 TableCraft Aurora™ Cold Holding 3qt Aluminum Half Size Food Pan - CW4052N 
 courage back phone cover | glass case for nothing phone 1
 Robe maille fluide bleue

==

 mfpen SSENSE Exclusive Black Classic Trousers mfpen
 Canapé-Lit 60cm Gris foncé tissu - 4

==

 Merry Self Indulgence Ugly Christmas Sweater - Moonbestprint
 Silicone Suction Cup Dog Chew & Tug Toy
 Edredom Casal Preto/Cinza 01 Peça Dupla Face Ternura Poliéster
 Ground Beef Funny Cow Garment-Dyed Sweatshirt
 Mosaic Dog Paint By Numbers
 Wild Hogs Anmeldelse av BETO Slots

■ Your objective: Find the line with "Ground Beef Funny" in the material above. Reproduce it and each line after it up to and including the line with "Wild Hogs Anmeldelse av BETO Slots".

■ Answer to this problem:
 Ground Beef Funny Cow Garment-Dyed Sweatshirt
 Mosaic Dog Paint By Numbers
 Wild Hogs Anmeldelse av BETO Slots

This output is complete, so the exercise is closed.